Psychoanalytic therapy is one of the most common types of individual therapy. This type of therapy encourages the patient to talk about past experiences and feelings so the therapist can identify patterns and analyze what is going on in the person's unconscious mind. It can be difficult to develop a treatment plan through psychoanalytic therapy because most patients have many possible situations they could talk about, but sometimes simply providing a safe environment for the patient to talk about his feelings is helpful. Therapists who take a psychoanalytic approach to treatment often focus heavily on a patient's childhood and may look for underlying meanings in events that seem simple on the surface.
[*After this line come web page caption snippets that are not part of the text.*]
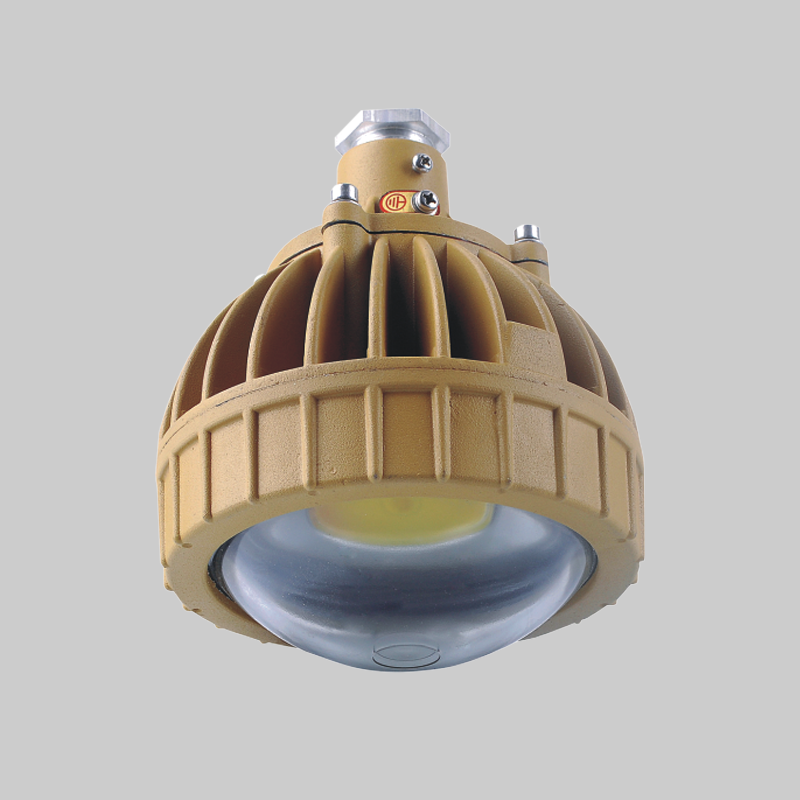 人民電器，人民電器集團(tuán)，人民電器集團(tuán)有限公司，中國(guó)人民電器，RDB98-8650防爆免維護(hù)節(jié)能燈(LED)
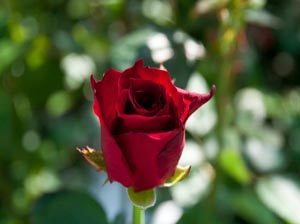 Ramazandaki Cumanın diğer Cumalara üstünlüğü...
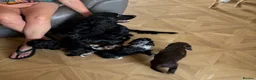 Cocker Spaniel dogs for sale: Cocker spaniels puppies for sale  - Advert 1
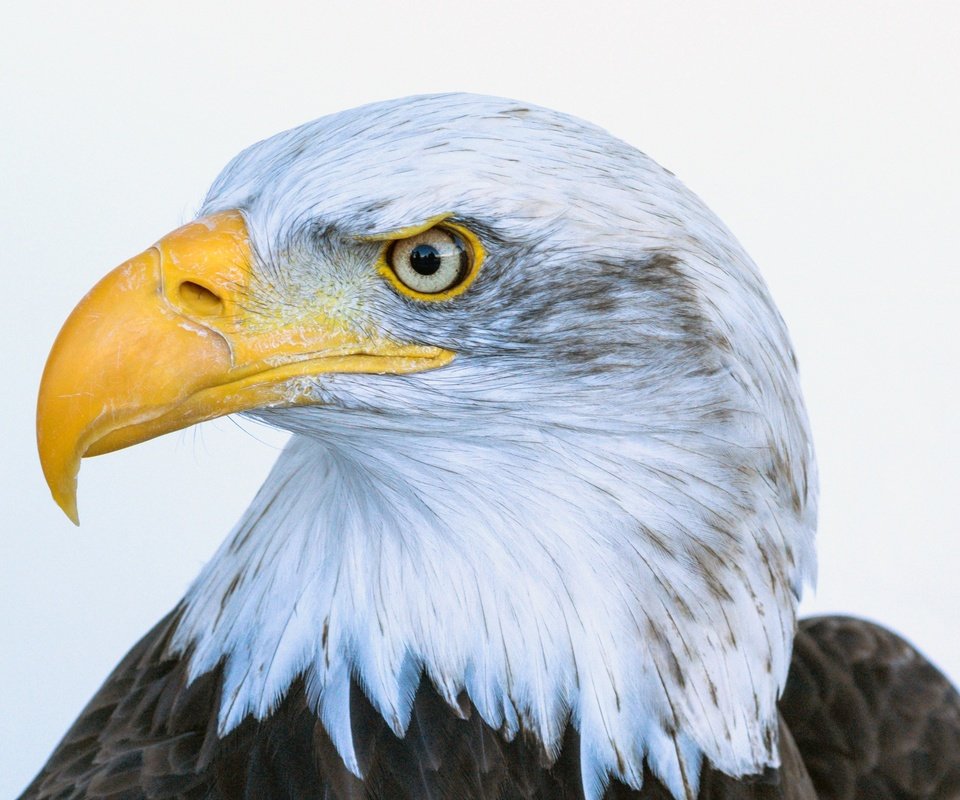 Обои птица, клюв, перья, белоголовый орлан, bird, beak, feathers, bald eagle разрешение 3241x2029 Загрузить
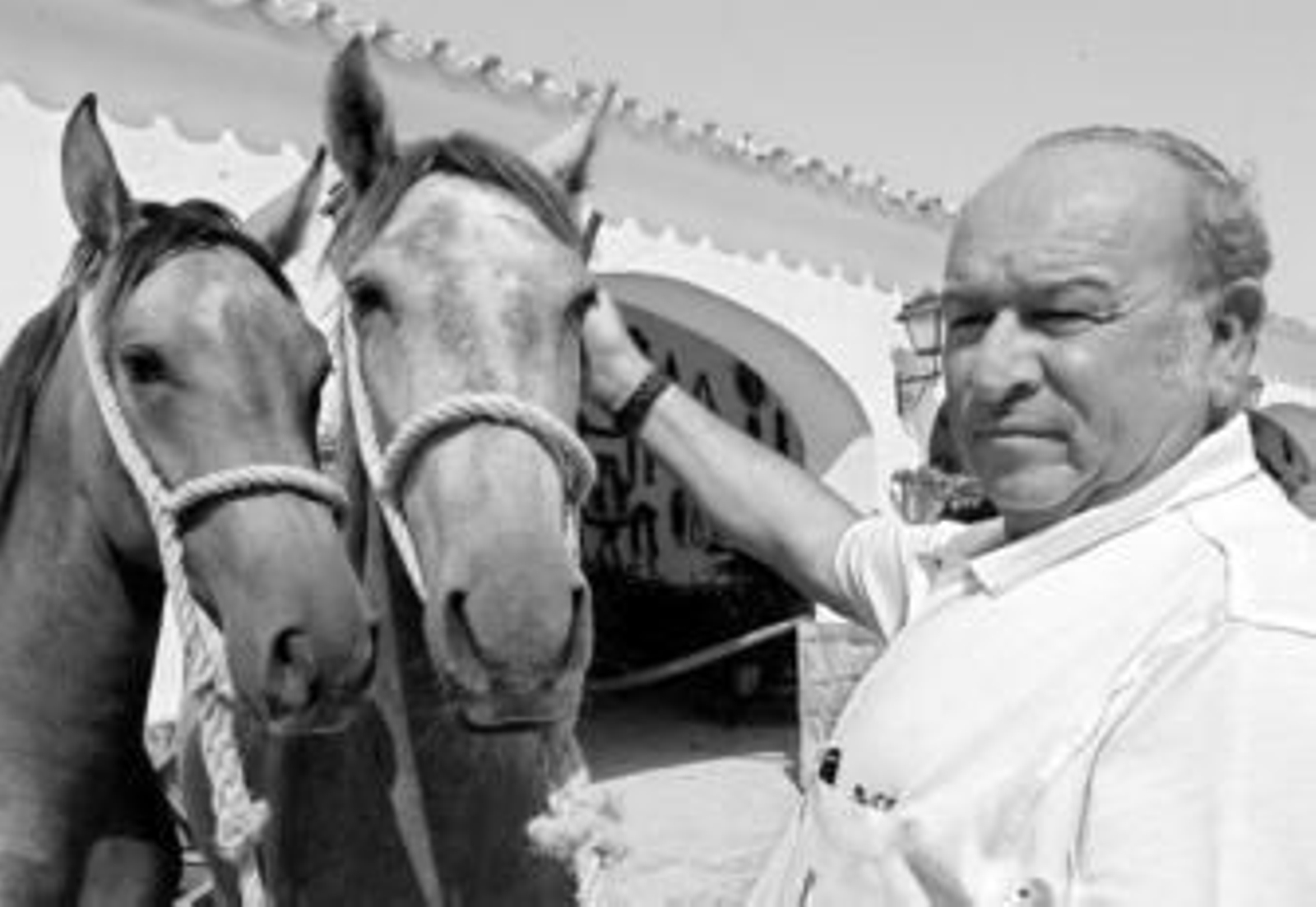 Álvaro Domecq Romero en Los Alburejos ante dos ejemplares de su ganadería caballar.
Cognitive-behavioral therapy focuses on specific situations or problems as opposed to an individual's overall state of mental health. This type of individual therapy is often particularly helpful for patients who do not have an ongoing mental illness but instead deal with a specific problem or set of problems. During cognitive-behavioral sessions, therapists encourage their patients to challenge negative thoughts or feelings and teach them new coping strategies for specific situations. This helps them change their thought patterns and respond in ways that promote good feelings and positive mental health.

Humanistic therapy is used less than the other two types because it takes more of a philosophical approach to treatment and leaves many questions open for the patient. This type of individual therapy focuses on helping the patient understand that he is responsible for the choices he makes and takes the standpoint that all humans are basically good, but that they make choices that can affect their lives in negative or positive ways. Humanistic therapists strive to help patients work within their individual personalities, strengths, and weaknesses to help them cope with feelings and make positive choices in specific situations.

Some therapists use a combination of techniques from different types of individual therapy in order to best help the patient. The specific type of therapy received is not as important as the outcome. Patients seeking therapy to deal with mental illnesses or issues should find a therapist they trust and feel comfortable with so they will feel open to discussing the different types of techniques used in their treatments.